Perth, la ville que personne ne connaît et qui ressemble à Maurice en mieux
Pour ceux qui rêvent d'un lifestyle d'entrepreneur sans la rat race
J’ai passé trois semaines en Australie. C’est un pays dont j’avais toujours rêvé sans jamais y aller. L’Australie, quand j’ai démarré en ligne, c’était un peu le symbole du voyage. À ma génération, beaucoup se disaient “Un jour, j’irai en Australie.” Pour les études, pour l’aventure, pour voir ce que ça fait d’être à l’autre bout du monde.
Aujourd’hui, j’y suis. Et c’est exactement pour ça que j’ai créé mon business en ligne : pouvoir être à Perth, au bord d’une baie immense, un mardi après-midi, en train de travailler sur mon ordinateur ou de filmer un podcast en marchant le long de l’eau. Pas dans un bureau. Pas dans une tour. Pas dans un open space.

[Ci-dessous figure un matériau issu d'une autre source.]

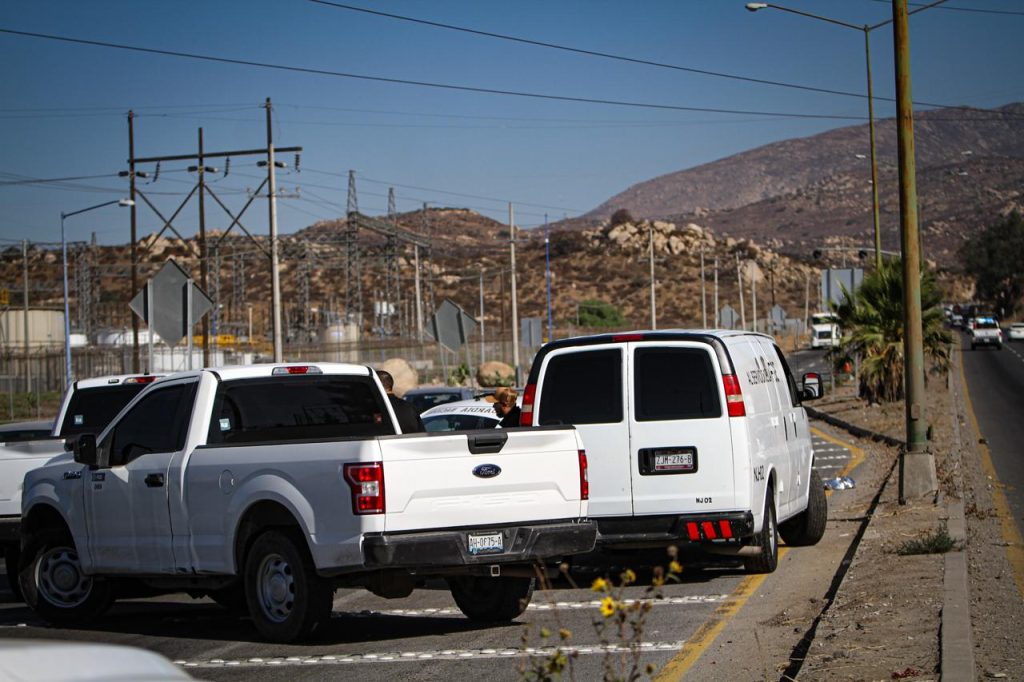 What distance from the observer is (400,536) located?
914cm

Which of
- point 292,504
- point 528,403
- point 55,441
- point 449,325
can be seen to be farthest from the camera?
point 449,325

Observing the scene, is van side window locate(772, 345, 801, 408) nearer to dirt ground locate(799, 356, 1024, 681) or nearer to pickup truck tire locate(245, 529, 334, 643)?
dirt ground locate(799, 356, 1024, 681)

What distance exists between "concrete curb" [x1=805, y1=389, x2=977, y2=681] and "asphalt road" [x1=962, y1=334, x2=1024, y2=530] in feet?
6.53

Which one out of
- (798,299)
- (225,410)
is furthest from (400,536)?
(798,299)

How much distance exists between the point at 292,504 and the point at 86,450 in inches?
97.4

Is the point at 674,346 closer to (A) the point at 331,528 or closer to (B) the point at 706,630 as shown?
(B) the point at 706,630

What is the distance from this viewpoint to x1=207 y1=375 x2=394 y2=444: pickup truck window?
10531 mm

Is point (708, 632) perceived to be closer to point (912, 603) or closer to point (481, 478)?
point (912, 603)

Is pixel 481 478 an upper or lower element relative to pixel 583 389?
lower

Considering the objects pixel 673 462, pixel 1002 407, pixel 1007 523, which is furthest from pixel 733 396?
pixel 1002 407

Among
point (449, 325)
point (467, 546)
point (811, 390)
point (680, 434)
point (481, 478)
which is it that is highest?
point (449, 325)

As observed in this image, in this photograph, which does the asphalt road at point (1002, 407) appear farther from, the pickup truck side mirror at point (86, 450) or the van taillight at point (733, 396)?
the pickup truck side mirror at point (86, 450)

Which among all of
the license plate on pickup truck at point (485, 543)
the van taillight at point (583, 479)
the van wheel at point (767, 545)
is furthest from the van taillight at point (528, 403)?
the license plate on pickup truck at point (485, 543)

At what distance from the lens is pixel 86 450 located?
35.7 feet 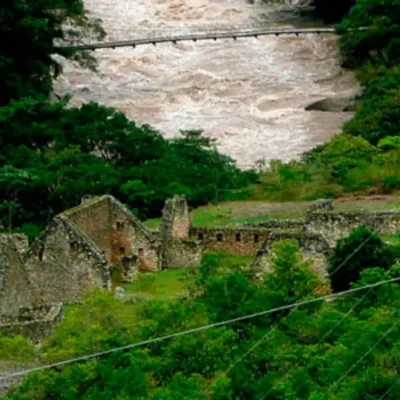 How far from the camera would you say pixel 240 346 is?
21234 millimetres

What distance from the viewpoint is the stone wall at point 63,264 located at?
27766 millimetres

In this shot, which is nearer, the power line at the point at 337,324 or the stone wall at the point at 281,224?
the power line at the point at 337,324

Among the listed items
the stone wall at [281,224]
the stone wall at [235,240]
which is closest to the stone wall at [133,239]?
the stone wall at [235,240]

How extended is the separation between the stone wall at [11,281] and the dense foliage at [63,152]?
6153mm

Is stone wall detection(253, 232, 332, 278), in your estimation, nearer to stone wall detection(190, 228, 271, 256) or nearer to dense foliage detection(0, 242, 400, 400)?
stone wall detection(190, 228, 271, 256)

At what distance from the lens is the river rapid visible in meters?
48.1

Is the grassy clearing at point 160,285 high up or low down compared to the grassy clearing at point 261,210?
down

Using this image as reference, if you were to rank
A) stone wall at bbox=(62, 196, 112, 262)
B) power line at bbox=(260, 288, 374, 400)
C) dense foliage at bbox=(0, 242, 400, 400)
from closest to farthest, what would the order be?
dense foliage at bbox=(0, 242, 400, 400), power line at bbox=(260, 288, 374, 400), stone wall at bbox=(62, 196, 112, 262)

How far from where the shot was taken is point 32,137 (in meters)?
42.7

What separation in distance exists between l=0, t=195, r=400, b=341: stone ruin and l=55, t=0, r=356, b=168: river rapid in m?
13.7

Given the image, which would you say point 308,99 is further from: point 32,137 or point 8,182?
point 8,182

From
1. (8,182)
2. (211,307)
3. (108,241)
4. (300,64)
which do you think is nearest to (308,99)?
(300,64)

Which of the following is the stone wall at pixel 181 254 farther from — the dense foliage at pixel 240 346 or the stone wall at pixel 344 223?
the dense foliage at pixel 240 346

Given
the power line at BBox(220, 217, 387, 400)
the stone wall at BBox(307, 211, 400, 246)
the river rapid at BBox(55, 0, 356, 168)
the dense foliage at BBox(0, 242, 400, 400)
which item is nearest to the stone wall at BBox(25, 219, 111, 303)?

J’ai fait Sydney pendant deux bonnes semaines. J’ai fait Perth pendant une semaine. J’ai loué des voitures, exploré, marché dans les rues, mangé dans des restaurants au hasard. Je ne prépare jamais mes voyages. Pas d’hôtel réservé la veille, pas de TripAdvisor, pas de guide touristique. J’y vais à l’instinct et je vois ce qu’il y a. L’hôtel de Sydney, je l’ai trouvé le matin même. Celui de Perth pareil. C’est ma façon de voyager et ça me permet de voir les endroits tels qu’ils sont vraiment, pas tels que les algorithmes de voyage veulent me les montrer.
Et ce que j’ai découvert à Perth m’a tellement surpris que j’ai voulu en faire un article complet. Parce que personne ne parle de Perth. Quand on dit “Australie”, tout le monde pense Sydney. L’opéra, le Harbour Bridge, Bondi Beach. Perth, c’est le secret le mieux gardé d’Australie. Et pour un entrepreneur qui cherche un lifestyle entre liberté, calme et modernité, c’est peut-être l’endroit le plus sous-coté que j’aie jamais visité.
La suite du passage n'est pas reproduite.